Like many people my thoughts this week have been with the people of the
Gulf Coast who have lost everything in the wake of hurricane Katrina. I
like to suggest that we all dedicate our practice this month to all the
people who have lost so much. Also we should give thanks to the
dedicated rescuers and everyone who went in to help, like our friend
Andrea who is working with the Red Cross efforts.
Forward bends allow us to slow down and go deeply inside ourselves. In the last week, so many of our yoginis have mentioned that their yoga practice is a place of peace and solace at a troubling time. I hope that practicing forward bends this month will help us to connect with our inner strength so that we can send that strength out into the community and the world.
Here is a list of standing forward bends from Light on Yoga; these
poses can be added during a standing practice to rest between more
strenuous poses.
1)Uttanasana (Standing forward bend)
2)Padangusthasana (Hand to big toe forward bend)
3)Padhastasana (Hand to foot forward bend)
4)Prasarita Padottanasana (Wide leg forward bend)
5)Parsvottanasana (Intense leg stretch)
6)Urdhva Prasarita Ekapadasana (One leg forward bend, or standing split)
7)Ardha Baddha Padmottanasana (Half-bound lotus forward bend)
Here is a list of seated forward bends from Light on Yoga; you could
build an all seated practice from these poses, or you could do them
toward the end of a standing or inverted practice. I love practicing
forward bend in the evening before bed. For any of these, resting your
forehead, on a block, bolster, chair, or your shin can be very restful.

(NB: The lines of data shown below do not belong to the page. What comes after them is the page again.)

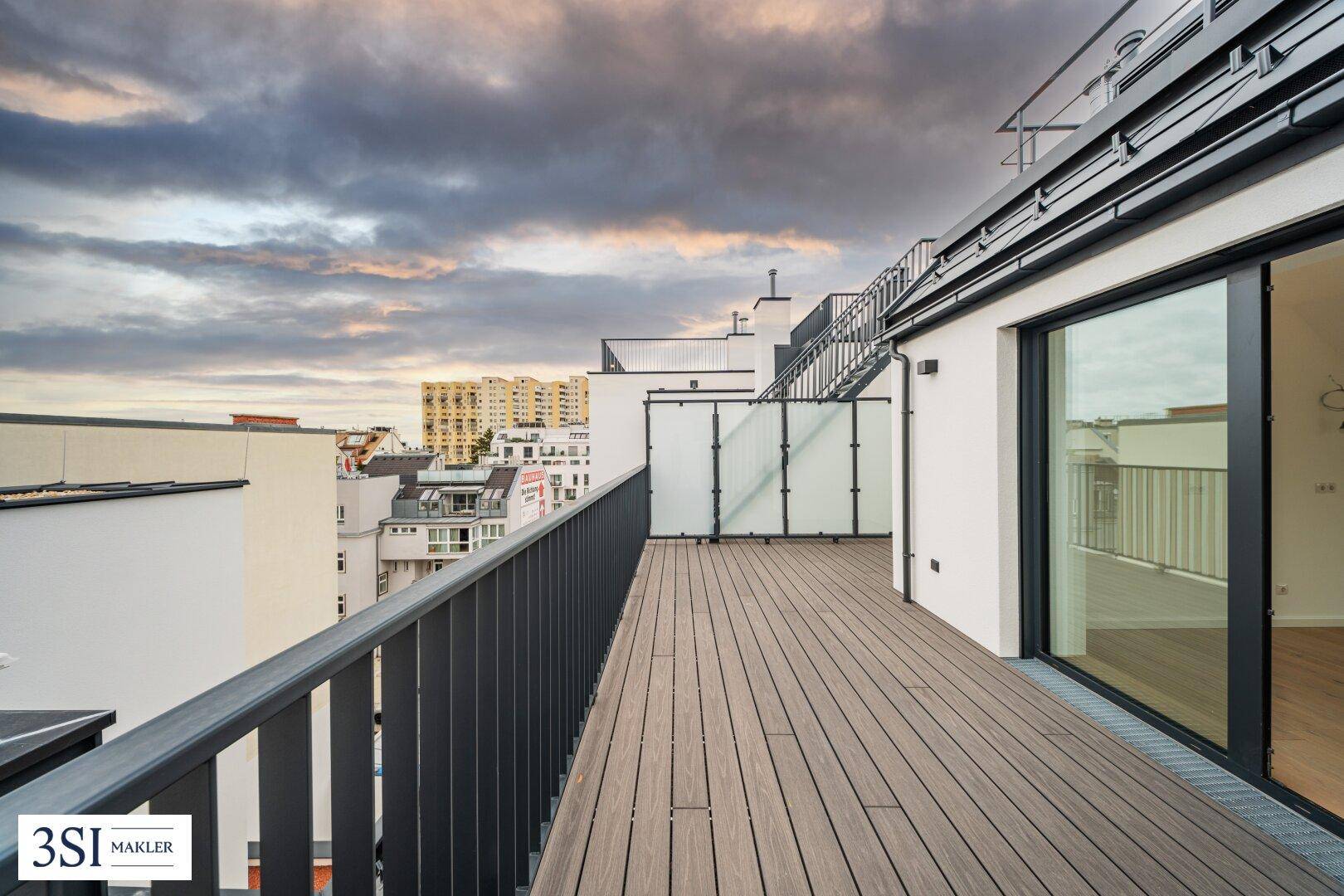 Langer Balkon mit Holzboden und Glasgeländer, bietet weiten Blick über die Stadtlandschaft.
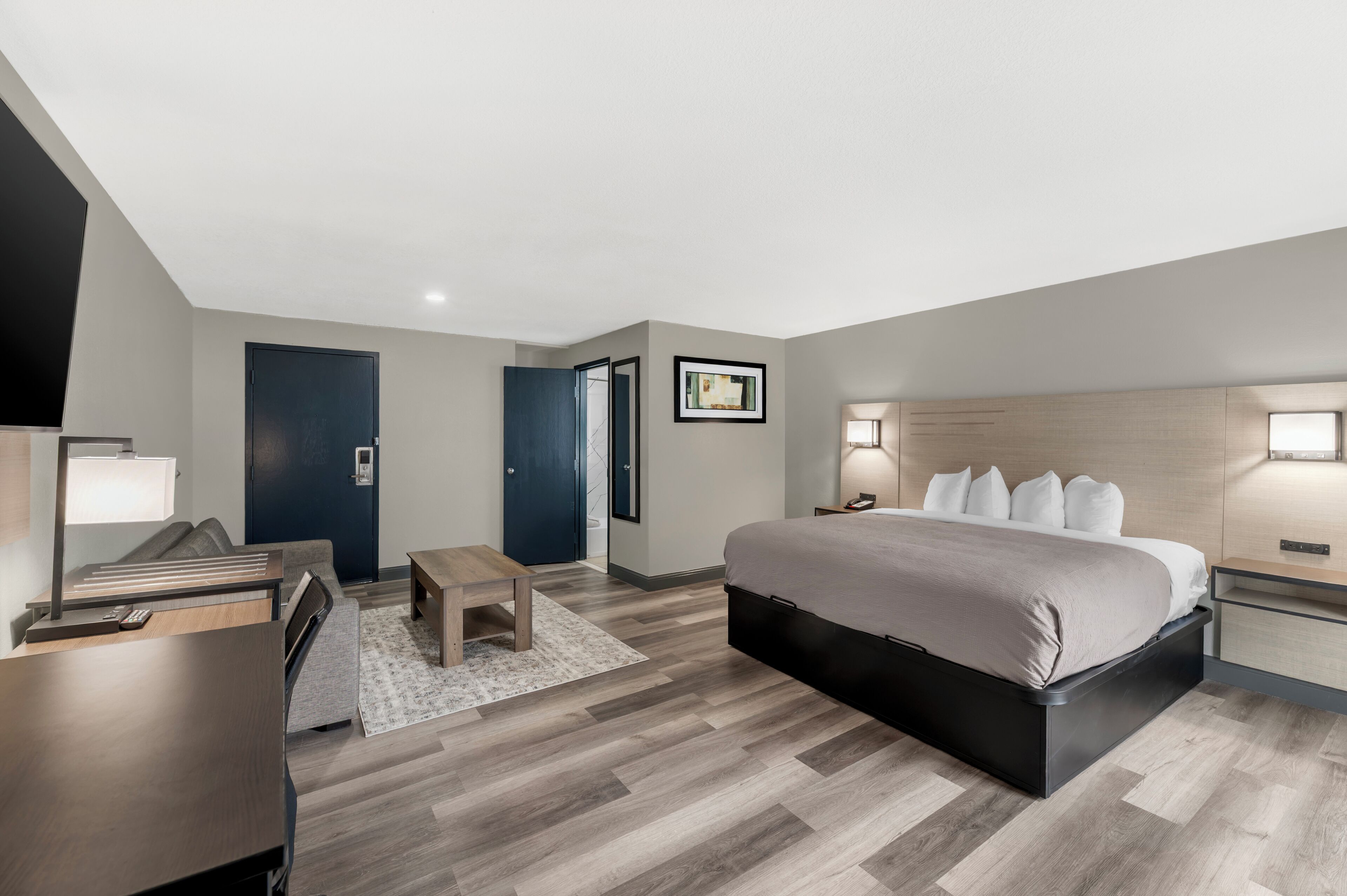 Studio Suite | Premium bedding, desk, laptop workspace, blackout drapes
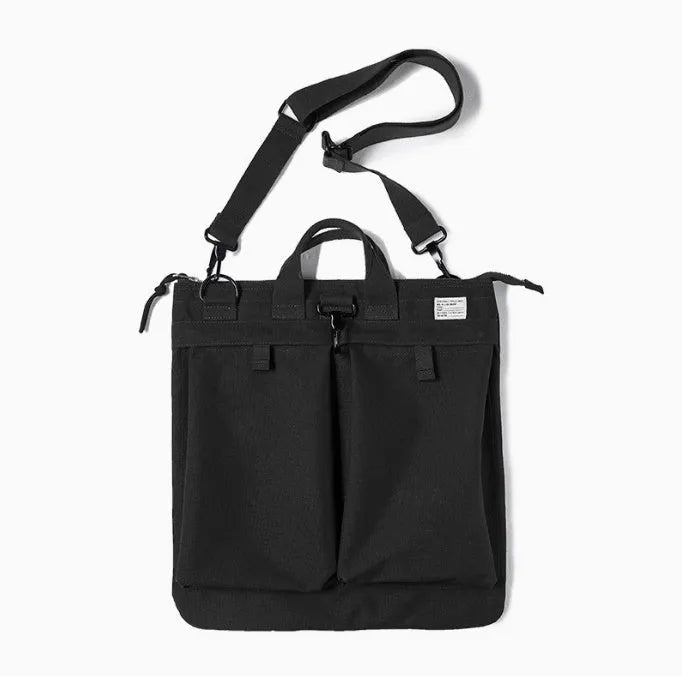Retro canvas crossbody messenger bag in military green showing laptop compartment and phone storage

My teacher suggests resting in paschimottanasana with your head
supported if you wake up in the middle of the night and can’t get back
to sleep.
1)Virasana forward bend (forward bend in hero’s pose)
2)Baddha konasana forward bend (forward bend in bound angle)
3)Yoga mudrasana (cross-legged forward bend, hand clasped behind back)
4)Maha mudra (extended one leg forward bend, clasping big toe)
5)Janu sirsasana (one leg forward bend)
6)Parivrtta janu sirasana (revolved one leg forward bend)
7)Ardha baddha padma paschimottanasana (half-bound lotus forward bend)
8)Triang mukhaikapada paschimottanasana (one leg in virasana, one externded)
9)Krounchasana (heron pose)
10)Marichyasana I
11)Marichyasana II
12)Paschimottanasana (seated forward bend)
13)Parivrtta paschimottanasana (revolved seated forward bend)
14)Urdvha mukha paschimottanasana I (upward facing seated forward bend)
15)Urdvha mukha paschimottanasana II (that the upside down version)
16)Kurmasana (tortoise pose)
Forward bends are included as part of many media practices. There are a few that specifically focus on forward bends such as:
Manuso Manos', Yoga the Home Study Course Volume III. This one is not widely available, but you can order it online from the Unity Woods website. It has excellent, comprehensive instruction for many of the poses I’ve listed above.
Gaiam’s Yoga for Flexibility with Patricia Walden has a 30 minute forward bending practice.
Gaiam’s Yoga for Energy with Rodney Yee has a forward bend segment that I like a lot. It has no form instruction, like the rest of the video, but it’s nice when you just want a calming forward bend practice.
Yoga Journal’s Step-by-step, Volume II has some detailed forward bend instruction.
Here are a few articles on forward bends:
Standing Forward Fold (Uttanasana) by Erich Schiffmann
Ease on Back by Julie Gudmestad
Paschimottanasana (Seated Forward Bend) by Barbara Benagh
Tips for Janu Sirsasana (Head-to-Knee Forward Bend) and Paschimottasana (Seated Forward Bend) by Cyndi Lee
Hips Too Tight? By Judith Lasater
Working on Standing Forward Bend by Roger Cole
If anyone is looking for me this month. I'll be in a forward bend.